In this challenge, you are asked to find configrations for each the variability bug location in Linux, Busybox, and Marlin. Here, we provide a processed version of this database under the vbdb directory. For these programs, we modified the code snippets under the simple directory to resolve some compilation issues and to make the bug easier to observe (by adding assertions etc.). Moreover, for these programs, we also include options_list.txt files which include list of options that appear in all bug reports of that program. You should use these lists as the configuration space.

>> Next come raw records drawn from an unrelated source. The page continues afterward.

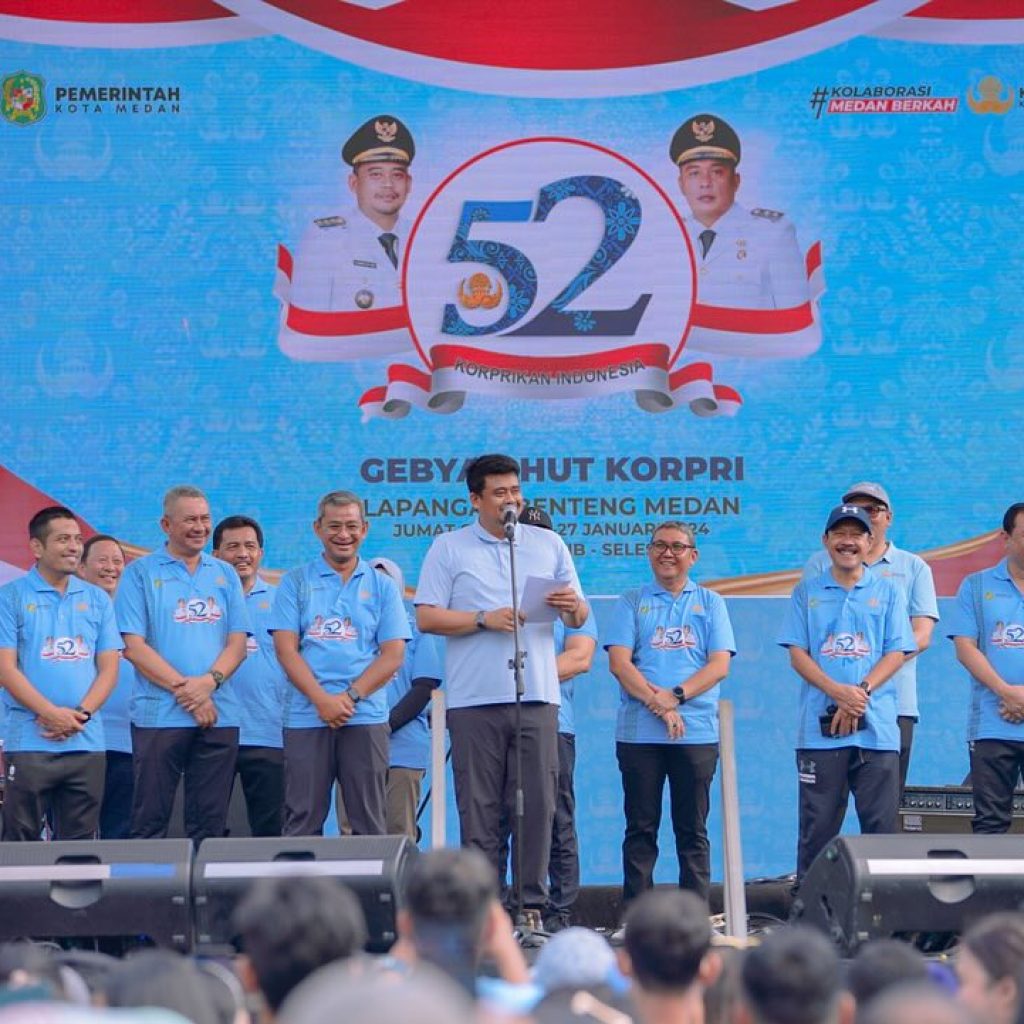 Pakai Nuansa Biru, Bobby Nasution dan Anggota Korpri Kota Medan Rayakan HUT Korpri ke-52
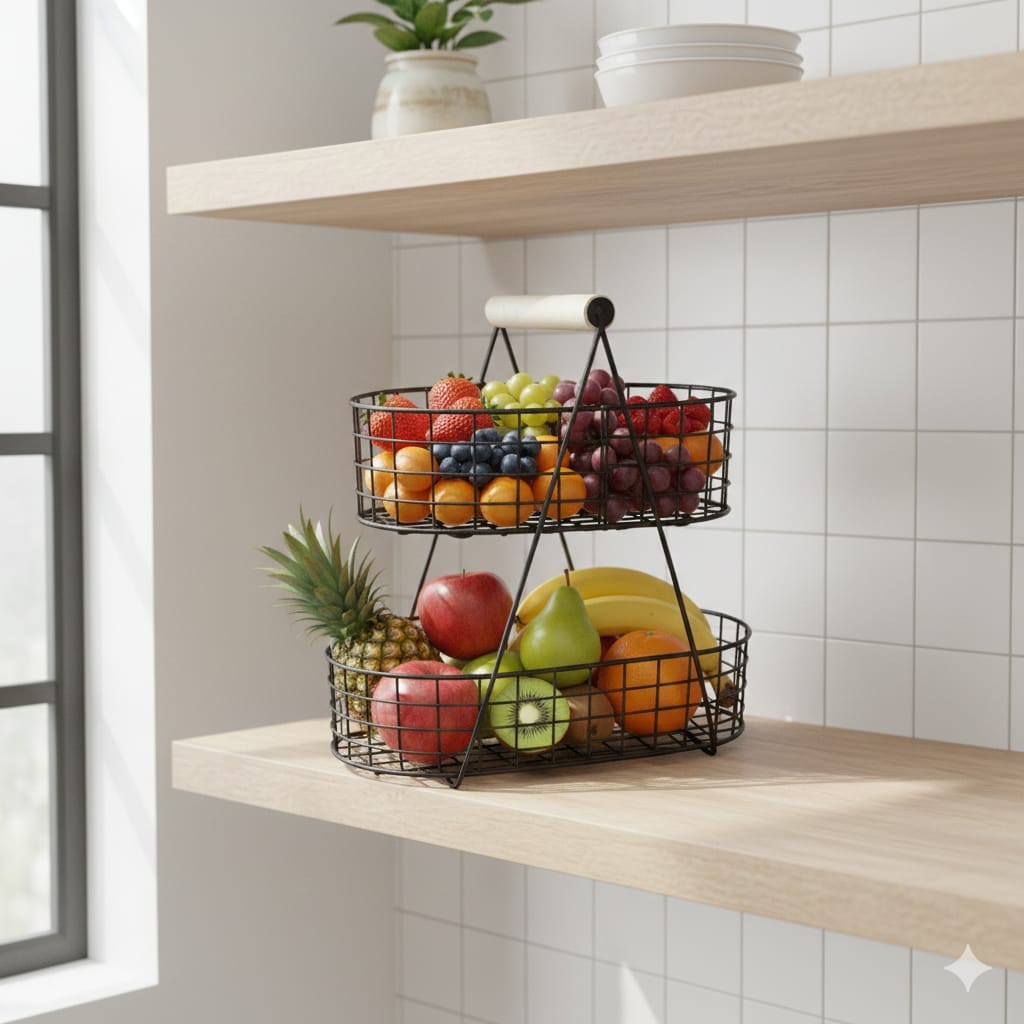 2 tier oval shaped fruit basket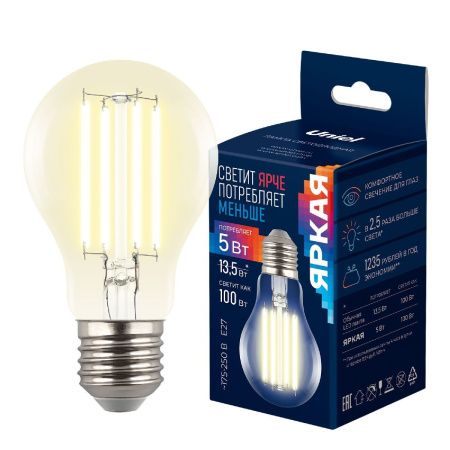 Лампа светодиодная Uniel LED-A60-5W/3000K/E27/CL GLY01TR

The all_locations.txt file contain all bug locations in question in this challenge.

Testing

Once you come up with a configuration for a variability bug with your approach, you can test it by preprocessing the program with the configration flags that appear in the configration you generated + the -E flag. I.e.,

gcc -E -Denabled_config_option1 -Denabled_config_option2 ... simple_code_snippet.c

This will generate pre-processeed c file. In this c file, you should see the bug location. However, having this location does not necessarily mean the bug is actually in there (in some cases). To test this, you can actually compile the program

gcc -Denabled_config_option1 -Denabled_config_option2 ... simple_code_snippet.c -o a.out

Then, if running a.out results in the error mentioned in the database, this means you found a configuration which leads to the variability bug (in some cases, your config might differ from what is reported in the database).

Medium - Axtls

The latest version of Axtls is available: http://axtls.sourceforge.net

To see list of available configuration options you can check the config/.config file after running make allyesconfig. An example .config file can be found under examples directory

Hard - Busybox

Buysbox website: https://busybox.net

You can work with the version 1_28_stable which can be found in here: https://git.busybox.net/busybox/snapshot/busybox-1_28_stable.tar.gz

To see list of available configuration options you can check the .config file after running make defconfig.

Ultimate - Linux Kernel

linux-stable-4.14.13 which can be found in here: https://git.kernel.org/pub/scm/linux/kernel/git/stable/linux-stable.git

To see list of available configuration options you can check the .config file after running make allyesconfig.

Configuring the Target Systems

For the variability bugs database source files, gcc -E -D CONFIG_VAR1 -D CONFIG_VAR2 ... can be used to configure the source code with the C preprocessor.

To configure axTLS, BusyBox, and Linux, first run allyesconfig (or defconfig). Then replace the .config file with the one from your solution program's output and run make oldconfig. The system is now ready to be built with make under the new configuration.

Evaluation

The solution programs will be evaluated on an 8-core, 2.90GHz processor with 32GB of RAM running a Linux distribution. The challenge evaluation period is about three weeks, so solution that cannot finish in a substantially. Please let the evaluation committee know of any special computing resource requirements (special machinery, runs requiring more than a day, etc).

Useful Program Analysis Tools

KMax

KMax can be found in here: https://github.com/paulgazz/kmax

KBuildMiner

KBuildMiner can be found iin here: https://github.com/ckaestne/KBuildMiner

iTree

Contact authors of iTree paper (ICSE2014).

iGen

iGen can be found in here: https://bitbucket.org/nguyenthanhvuh/igen/wiki/Home

GOLEM

GOLEM is a part of a bigger toolchain called undertaker which can be found at: https://i4gerrit.informatik.uni-erlangen.de/undertaker

References

Paul Gazzillo, Ugur Koc, ThanhVu Nguyen, and Shiyi Wei. 2018. Localizing Configurations in Highly-Configurable Systems. 2018.